The tent was packed, no one had filled a show that week in the same way.
There were editors and Sugababes dotted about and the show started as the last few were squishing their way in.
I've seen Jasper's show twice before and in this third sitting I was again treated to a completely different look! While some designers have an obvious signature, I'm yet to work out what Jaspers is.
The collection started with sharp suiting and pencil skirts in navy and black accented with white. It all felt very calm and grown up. There were tiered white dresses, front vertical pleating on blouses.

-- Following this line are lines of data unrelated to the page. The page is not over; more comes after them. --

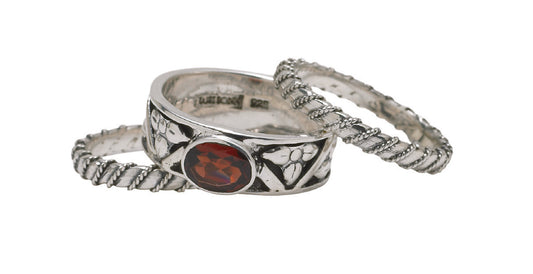 Three Band Stacking Rings – Garnet (Size 9, Cognac 2005 Archive)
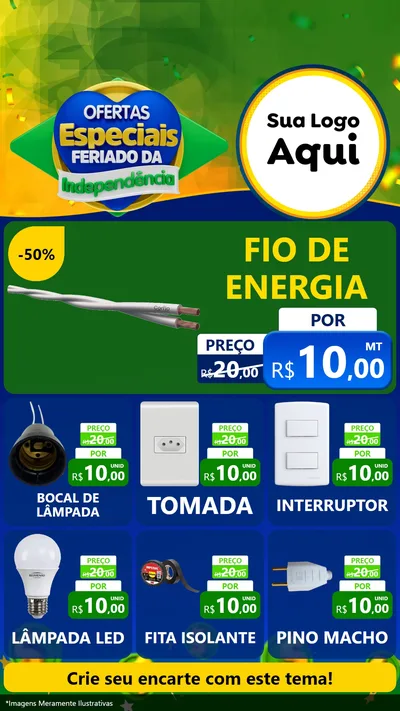 Modelo de Rede Social para Stories com o tema Ofertas Especiais Feriado da Independência para Materiais Elétricos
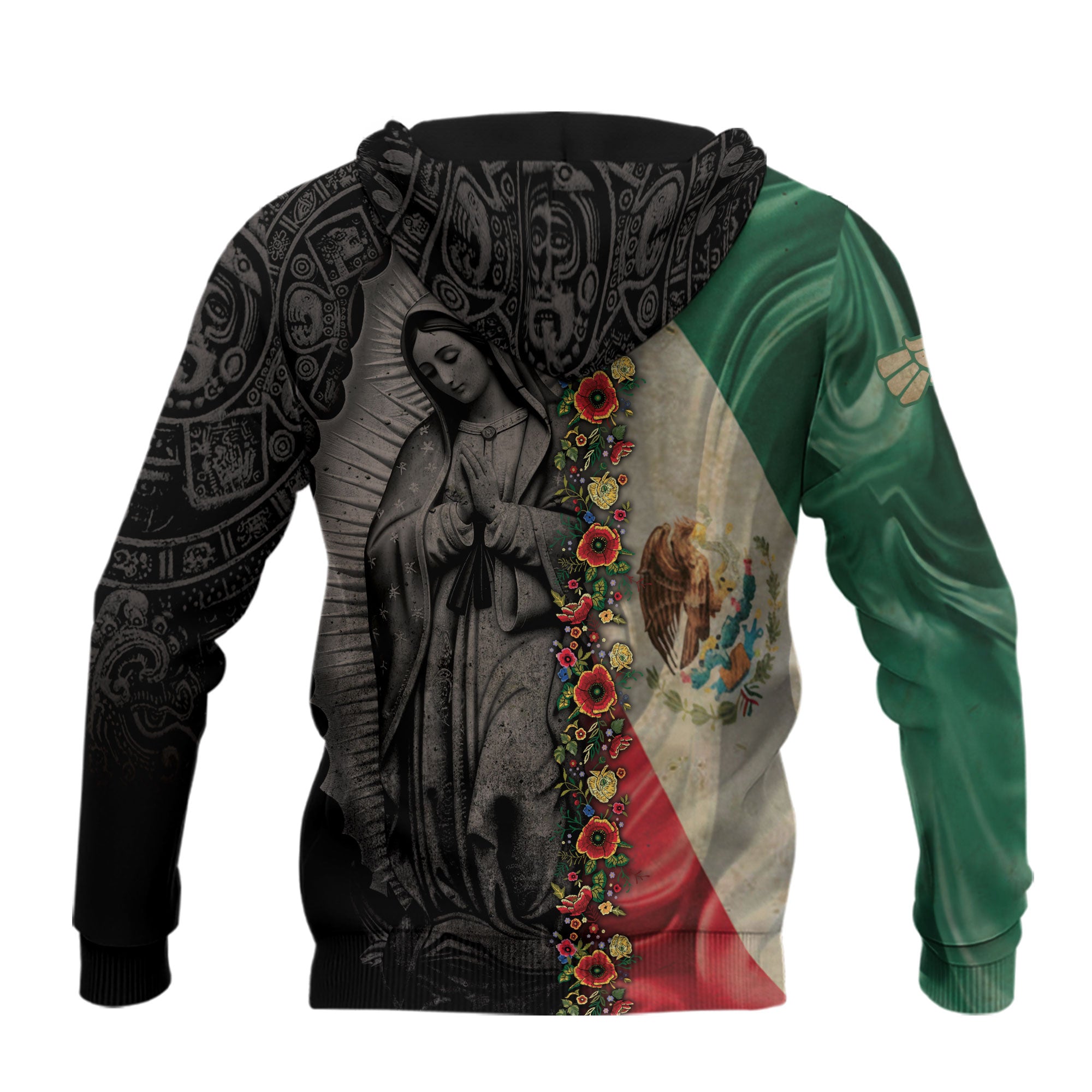 Mexico Flag Guadalupe Aztec Floral Heritage Legacy Cultural Pride Hoodie
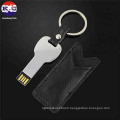 Key USB Flash Drive With Leather Pouch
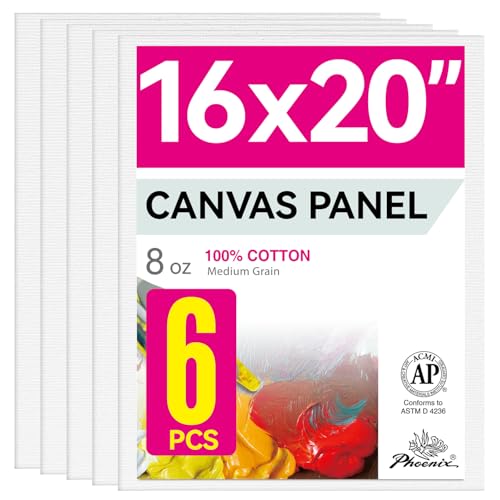 PHOENIX Large Painting Canvas Panels - 16x20 Inch, 6 Value Pack - 8 Oz Triple Primed 100% Cotton Acid Free Canvases for Painting, White Blank Flat Canvas Boards for Acrylic, Oil Paints - color: White, size: 16"x20"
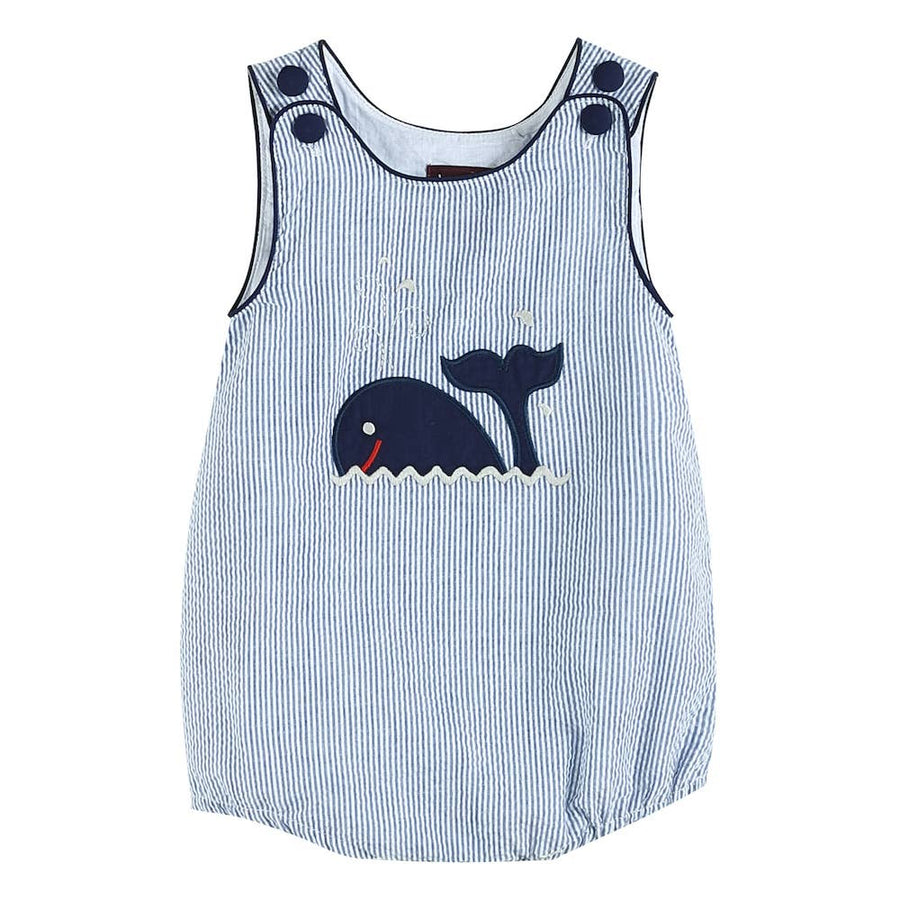 Blue Seersucker Whale Applique Baby Bubble Romper - Premium Baby & Toddler Outfits from Lil Cactus - Just $34.95! Shop now at Pat's Monograms
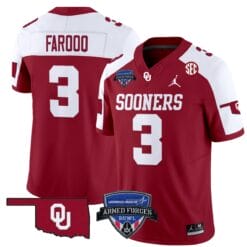 Jalil Farooq Jersey #3 Oklahoma Sooners 2025 Armed Forces Bowl Patch Alternate Football Stitched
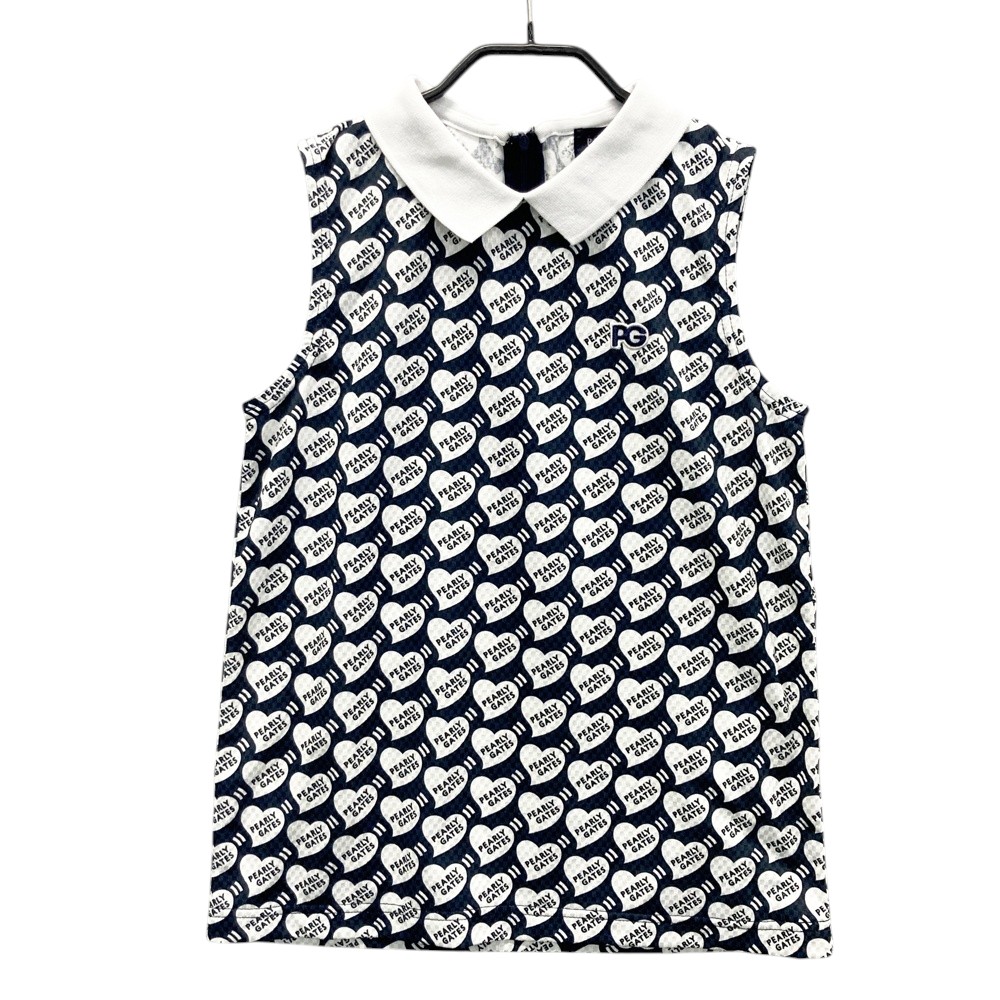 PEARLY GATES パーリーゲイツ 襟付 ノースリーブTシャツ シアサッカー ロゴ 総柄 ネイビー系 0 【中古】ゴルフウェア レディース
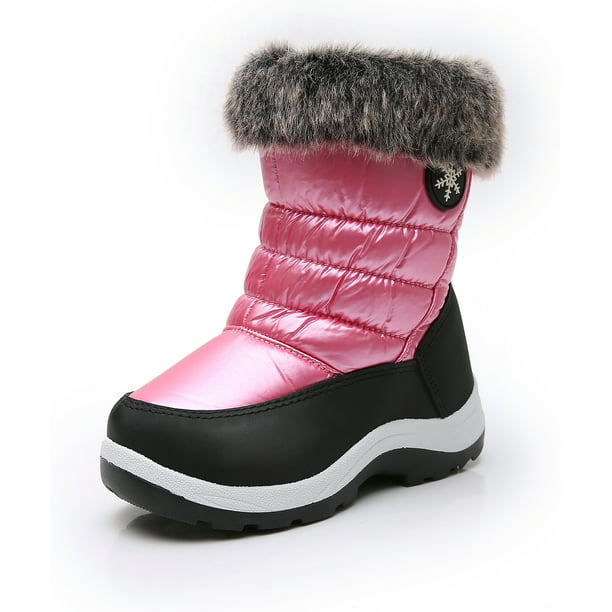 Apakowa Girls Insulated Warm Lined Winter Snow Boots Water Resistance ...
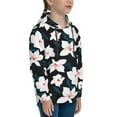 thumbnail image 3 of Lsque Lilies Flowers Patten Youth Hoodie Sweatshirt Pullover with Kangaroo Pocket Boys and Girls Hoodie Warm Hoodie for Kids-Medium, 3 of 6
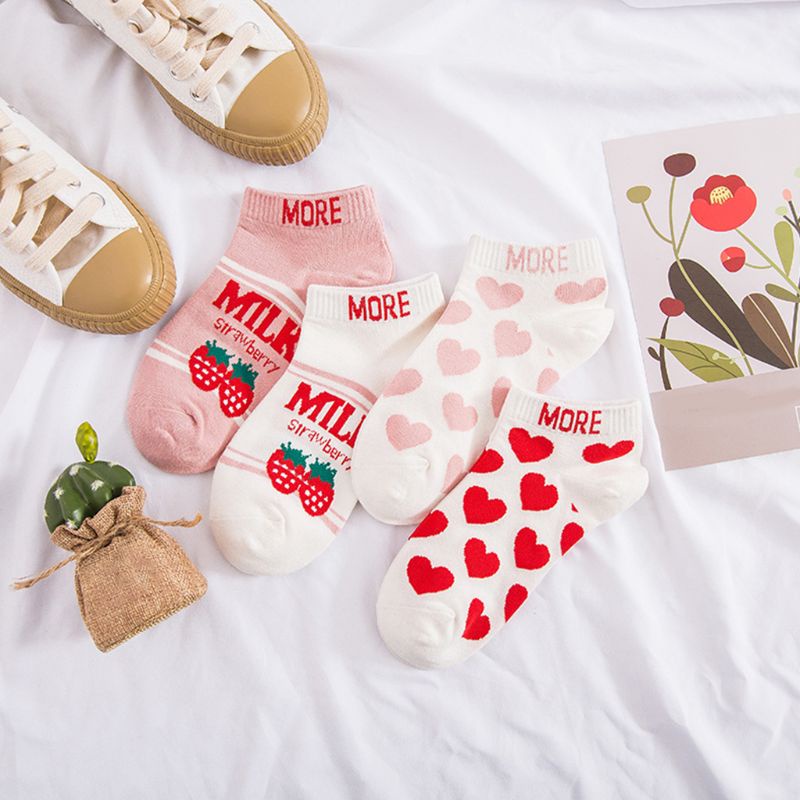 Youyo Vớ Cotton Cổ Thấp In Họa Tiết Hoạt Hình Phong Cách Nhật Bản Thời Trang Mùa Hè Cho Nữ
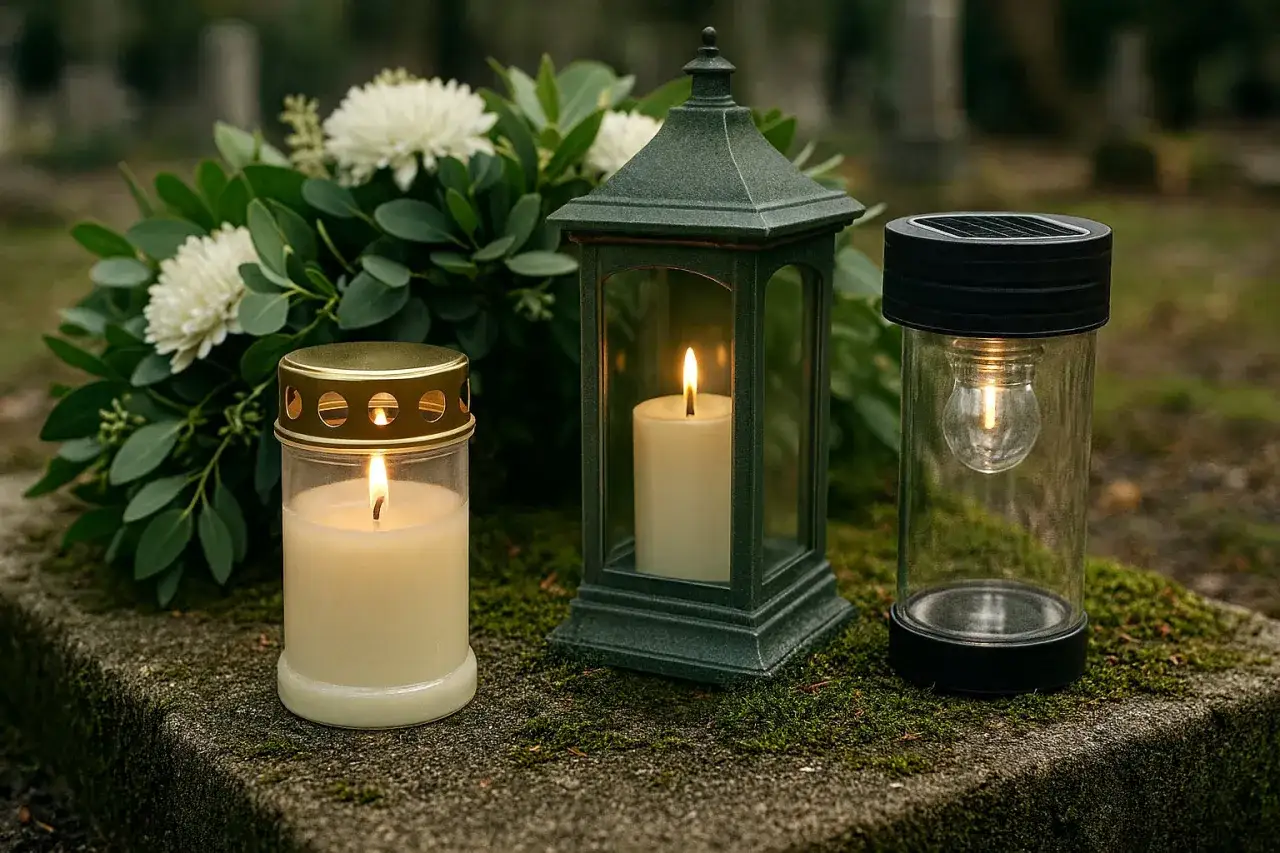 Trzy znicze: tradycyjny, lampion i solarny. Wieniec z białych kwiatów. Jak zrobić znicz? To proste, wystarczy świeca i ozdobna obudowa.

Trousers switched between skinny legs that stopped on the ankle and wider, slouchy varieties. Cardigans cut short at the waist, or were draped over the models shoulders. There was a distinct 'Pringle' 1950's feel.
The dresses ranged from square 60's shifts in a host of checks, both on solid fabric and also on sheer fabric, reminding us that Conran really is a master of surface decoration technique.
There were full skirts and full skirted dresses that hung well below the knee and were so lady like. They had an almost aw10 Prada feel to them.
The collection got more summery and we were treated to a selection box of colours. Lavender teamed with yellow, toffee with white and a host of terracotta to orange in both plain and floral prints.
Chiffon, satin and manipulated, surface decorated (almost like a broderie anglais) pieces danced down the runway as the models were free from troublesome heels and instead scooted down in white canvas pumps!
There were lots of shorts and tunics, I loved the striped tunics that worked the 'peekaboo' trend as they went from sheer to ribbon in horizontal stripes.
One of the final skirts, a super skinny knife pleat, I three tiers was definitely my favourite. Yes it was all quite classic and reserved but it was oh so beautiful and wearable for a host of ages and sizes.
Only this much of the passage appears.